Pal and Counts (2011) discovered topical authorities in Twitter. There are three steps in their approach: First, characterize Twitter users with social media-specific features, including both nodal and topical metrics. Second, cluster the users over feature space. Last, produce a list of the important authors for a specific topic utilizing a within-cluster ranking procedure.

In 2016, Drakopoulos et al. (2016) studied five Twitter-specific metrics for ranking Twitter influence. Based on concepts from system theory, a methodology for evaluating influence metrics is also proposed. In addition, the authors implemented the five metrics in Java over Neo4j, which is a graph database that provides production grade front or back-end social graph storage.

5.2 Facebook

Being the largest social network, Facebook has more than 400 million active users with an average of 130 friends (Facebook 2017). The Facebook dataset has been utilized in various top-$k$ nodes identification research.

Heidemann et al. (2010) proposed an adapted PageRank algorithm to identify influential users in a social network according to activity links. The approach was evaluated on a Facebook dataset and found that more active users who are retained can be identified when drawing on users’ prior communication activities or centrality measures, e.g., degree centrality. Kim and Han (2009) identify influential users in a network graph by first calculating degree centrality based on social links and then estimating an activity index. The proposed method was evaluated by observing the influence diffusion of a Facebook game.
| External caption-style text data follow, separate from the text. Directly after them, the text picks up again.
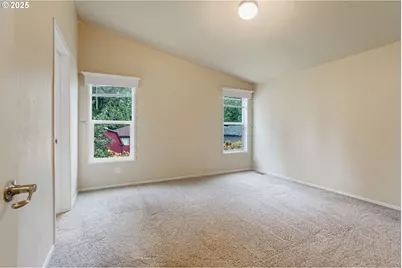 2125 Nocturne Ct, Salem, OR 97306 - Photo 27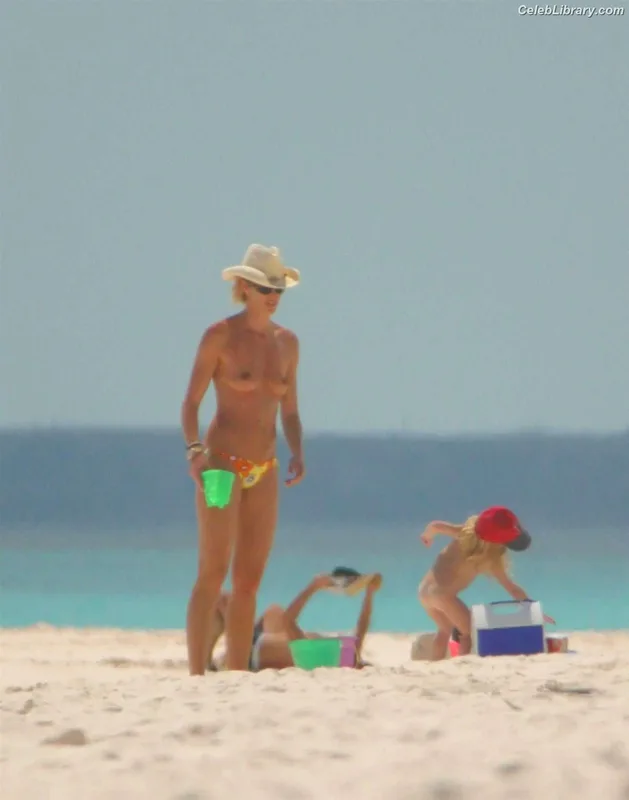Elle Macpherson photo 10 of 74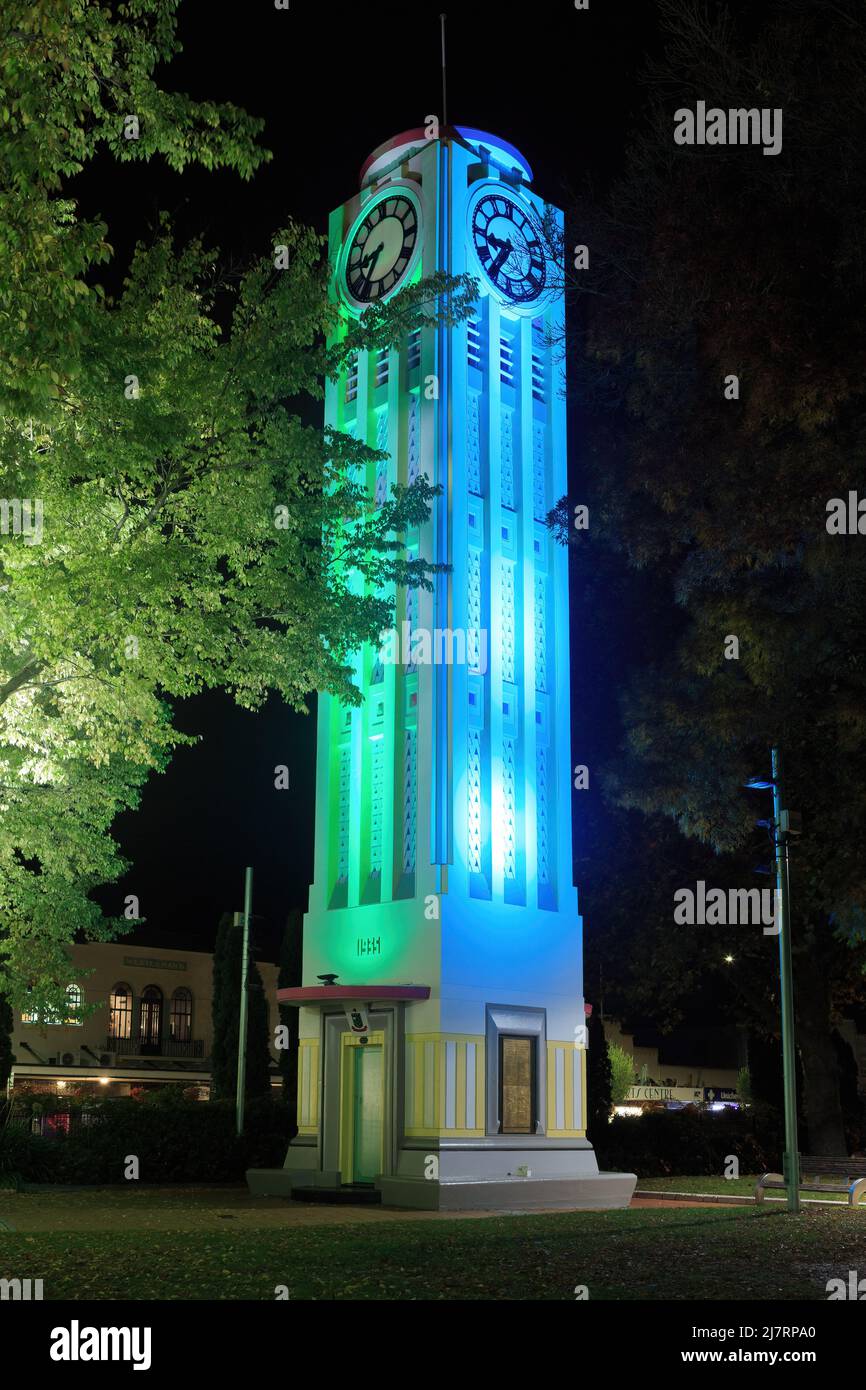 Der historische Uhrenturm in Hastings, Neuseeland, ein Art déco-Bauwerk, das 1935 fertiggestellt wurde, wurde bei Nacht fotografiert Stockfoto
Their experiment results show that by targeting the identified influential users, game growth rates and number of new game adopters can be increased.
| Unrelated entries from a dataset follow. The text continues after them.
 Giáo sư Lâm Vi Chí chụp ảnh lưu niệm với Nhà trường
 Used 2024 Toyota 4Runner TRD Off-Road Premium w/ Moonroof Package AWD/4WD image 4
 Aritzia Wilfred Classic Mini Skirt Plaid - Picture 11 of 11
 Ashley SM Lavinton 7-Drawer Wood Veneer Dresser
Although Facebook has been frequently used as experiment data for identifying top-$k$ nodes, our literature research shows that so far only a few Facebook-oriented algorithms exist. This phenomenon differs significantly from the Twitter domain, as a number of top-$k$ nodes identification approaches have been designed specifically for Twitter, such as TunkRank (Tunkelang 2009), Twitter- Rank (Weng et al. 2010), and IARank (Cappelletti and Sastry 2012).

5.3 Blogosphere

With an increasing amount of blog posters and readers, Blogospheres (a network of blogs) are an effective and inexpensive medium for companies to evaluate their advertising campaigns. Hence, it is interesting to observe the emerging research that has begun identifying top-$k$ nodes in the weblog domain.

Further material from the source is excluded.